The Emerson Cavitation Tunnel is a propeller testing facility that is part of the School of Engineering at Newcastle University.

== Capabilities ==
The Emerson Cavitation Tunnel consists of a water circuit which flows in the vertical plane, within which propellers and other propulsion devices can be tested. The system is powered by a 300 kW pump, with a four-bladed impeller and can produce a maximum water velocity of 15.5 kn. The test area has a cross sectional area of 0.99 m2 allowing model propellers of up to 30 cm in diameter to be tested. The pressure range of the tunnel can vary from a minimum of 7.6 kN/m^{2} to a maximum of 106 kN/m^{2}. Cavitation numbers of 0.5 (minimum) to 23 (maximum) can be accommodated for. Measurements can be taken using a 3 Watt, water-cooled, Argon-ion laser, a hydrophone, and two dynamometers. A high-speed video camera is also attached with an imaging frequency of 1–10,000 frames per second.

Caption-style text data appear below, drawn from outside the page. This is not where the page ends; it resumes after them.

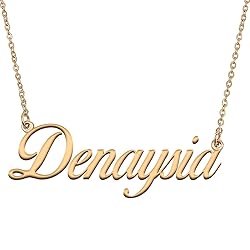 HUAN XUN Customized Custom Simple Any Name Necklace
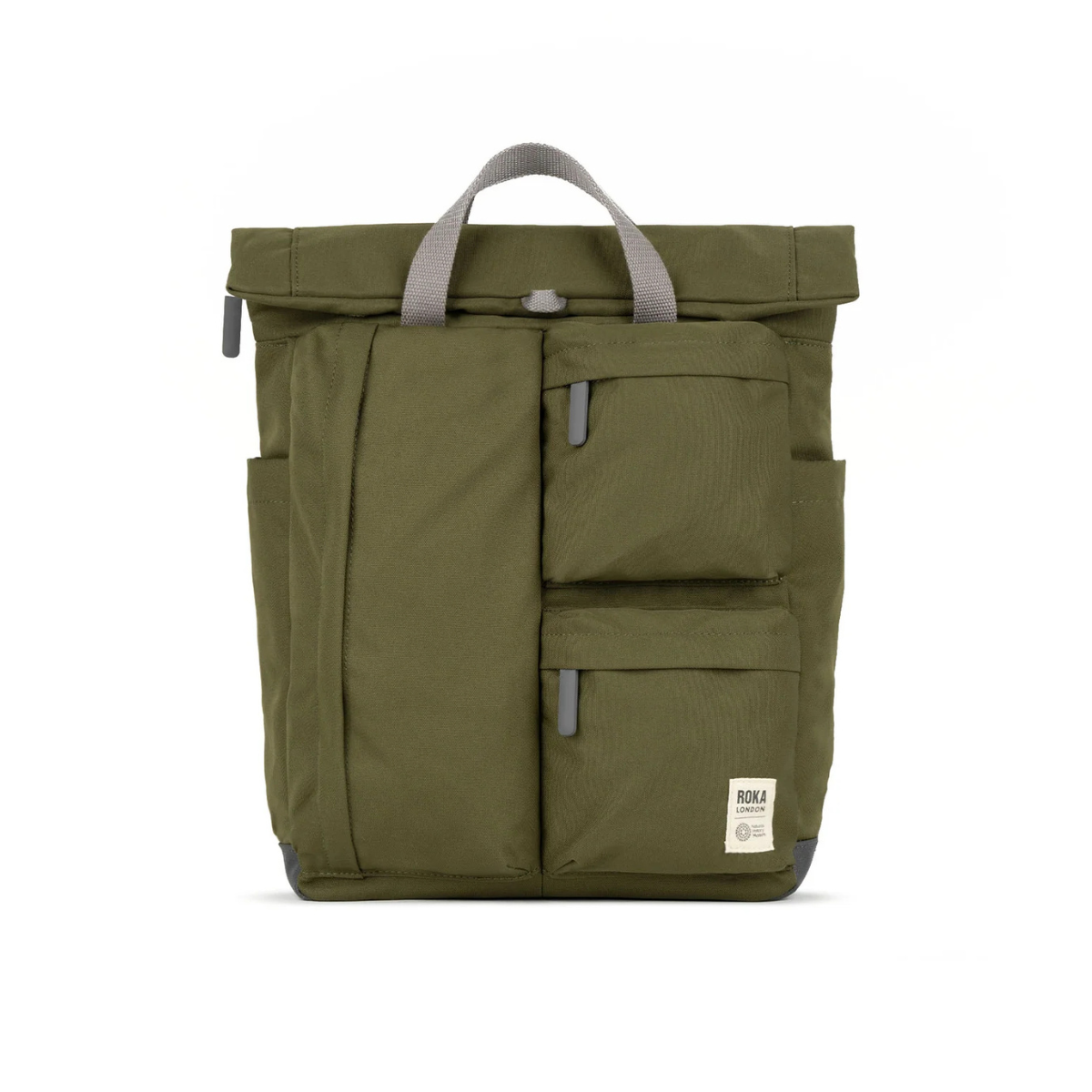 ROKA London Waterhouse Multipocket Σακίδιο Πλάτης Moss από Ανακυκλωμένο Nylon - Medium 16.4L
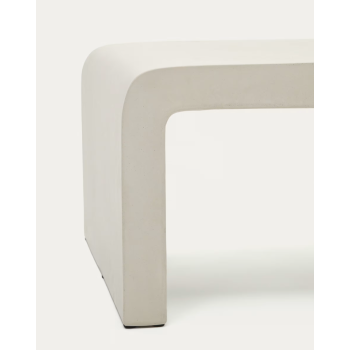 Aiguablava coffee table in white concrete 135 x 65 cm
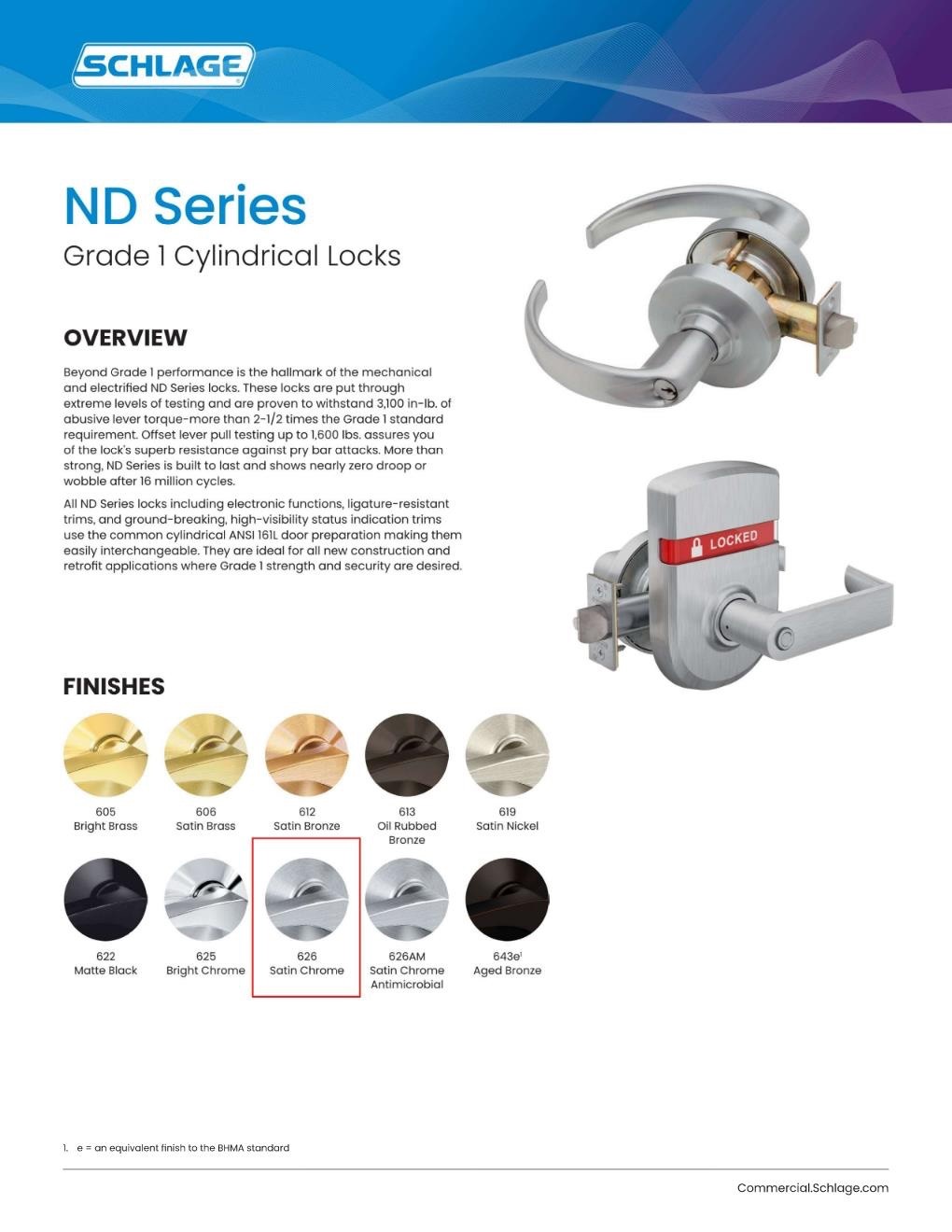 Schlage ND50IJD RHO 626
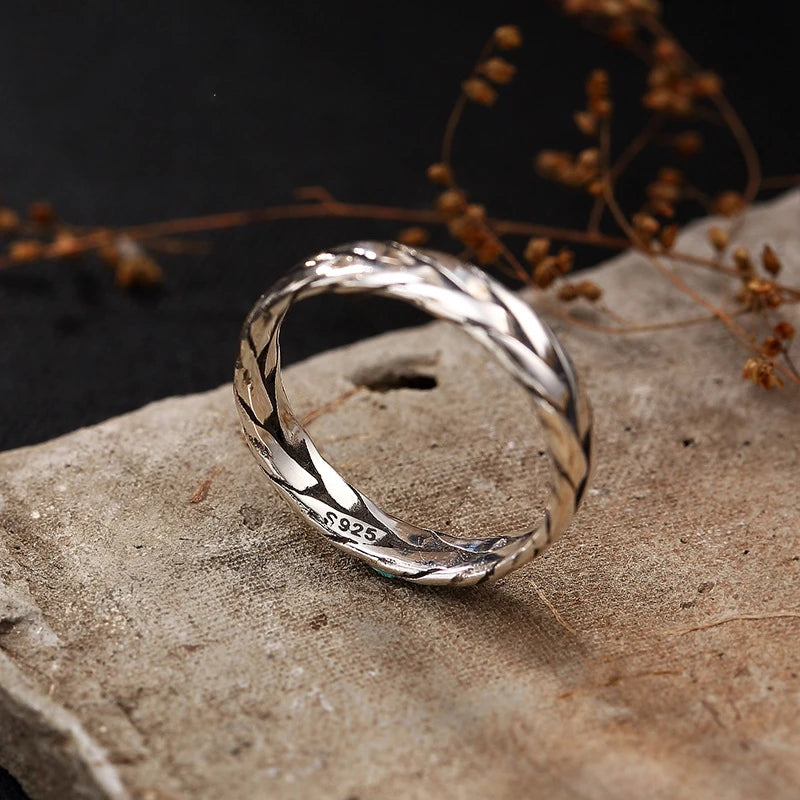 ORNA 925 Sterling Sliver Hand-woven Ring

Funding for the tunnel's equipment is raised by numerous organisations, including the Engineering and Physical Sciences Research Council (EPSRC) and the Scottish Universities of Glasgow and Strathclyde.

== History ==
The tunnel was first established at the university in 1949 after being disassembled and transported from Pelzerhaken, Germany after the Second World War. The tunnel arrived at the university in 1947 and over the following few years the tunnel was heavily modified. The tunnel - which was originally designed to be operated in the horizontal plane - was converted into a vertical loop tunnel and the length was reduced by half. The original observation window was modified and two more added. Because of damage, a new impeller was constructed and numerous pieces of measuring equipment were added. This equipment included pitot tubes, a tachometer, stroboscopic lighting equipment, contact meters and a vacuum pump. The tunnel was connected to an electrical supply in 1949 and entered service late in 1950, after technical problems called for recalibration of some of the instruments. The Cavitation Tunnel was housed in Newcastle University's old boiler house, where it was originally reconstructed. That location was on King's Road in the middle of the university's city centre campus between the Armstrong building, the Student Union, the Arches and the Bedson building.

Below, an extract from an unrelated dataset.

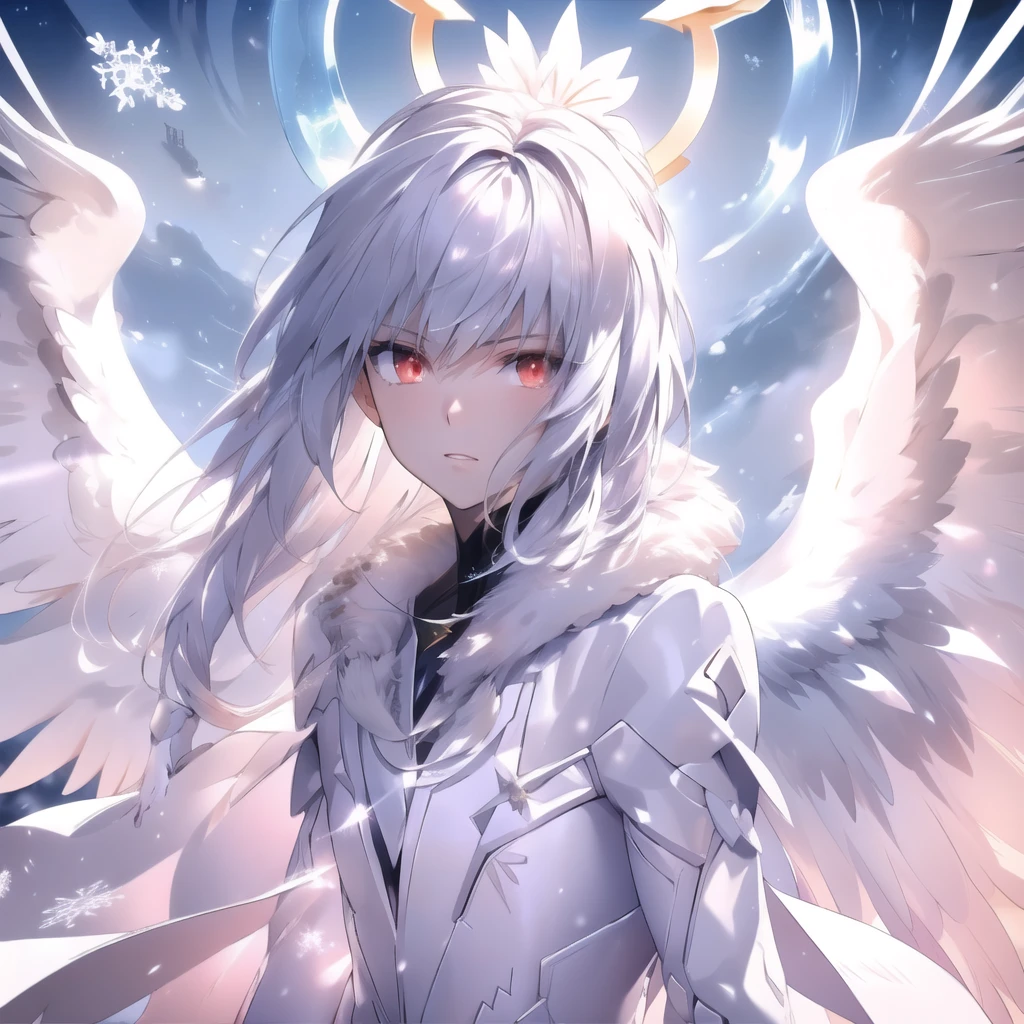 Anime couple hugging and kissing , long red scarf , Hombre en traje formal que lleva una white lab coat and platinum sobre el hombre,Red Eyes, cabello largo color platino anime angel con alas y un halo por encima de la cabeza, anime wallpapers , bíblico preciso angel , angelic, , glowing angelic being , an angel, angelical, hd anime wallpapers , night, angel, ascension , big shiny white wings , , angelic and Disturbing , The lilies, ethereal anime, angelic angel alas de angel, white-haired deity, Glowing angelic Being , angelic halo, sacred halo, Un angel, snowy anime background , Pixiv winner , the angel of death with a Red Eyes,Brilliant snowy background , shiny angel wings white and platinum , ANGEL HALO white and shiny platinum , long shiny white and platinum hairpareja de anime besándose , 1 man and 1 woman ,Red Eyes,Brilliant snowy background , shiny angel wings white and platinum , ANGEL HALO white and shiny platinum , long shiny white and platinum hair , Masterpiece, Angry face, Red Eyes, Calcium light, swirling wind, snowy background , white lab coat and platinum, formal platinum suit, white complex background, long and highly detailed white and platinum hair with navy blue tips , alas y HALO de angel brillante color blanco y platino,angel,angel,angel,anime angel with wings and a halo above his head, anime wallpapers, biblical accurate angel, angelic, ((zerator)), an angel, angelical, glowing angelic being, hd anime wallpapers, night, angel, ascension , The lilies, big shiny white wings , zero-chan, angelic and unsettling, angelic halo, biblically acurate angel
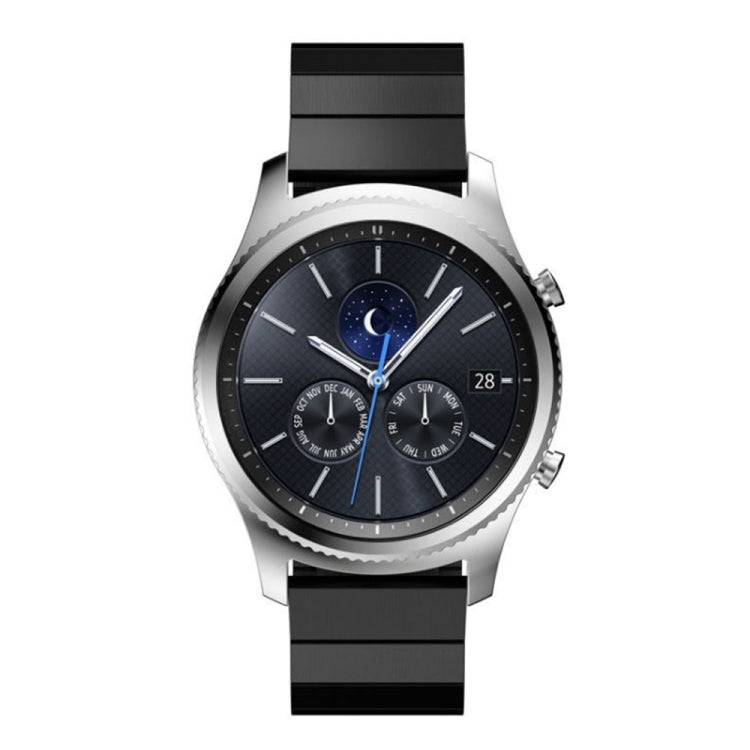 22mm For Huawei GT Runner Watch One-bead Steel Original Buckle Watch Band(Black) - Smart Wear by buy2fix | Online Shopping UK | buy2fix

In 2016, the tunnel was moved from the Newcastle University city centre campus and taken to Poland, where it was fully refurbished before being brought back to the North East and installed in a new purpose-built research centre, Marine campus at Blyth.

The first research grant of £8,000 was awarded in 1950 for the testing of a new series of propellers, and was awarded by the Department of Scientific and Industrial Research (DSIR).

In the 1970s and 1980s, the tunnel was extensively modified and upgraded in order to improve the range of propellers that could be tested. The tunnel was also renamed to its current name, the Emerson Cavitation Tunnel after Dr Arnold Emerson, who was the tunnel superintendent and the driving force behind the upgrades.

Modifications were made to the tunnel during the 1980s. New computer-based data collection, interpretation and analysis technology has been added to aid with computational fluid dynamics. Data is also collected with the help of laser doppler anemometry (LDA) and phase doppler anemometry (PDA).

== Location ==
The tunnel is now located at Newcastle University's Marine Campus at Blyth, Northumberland.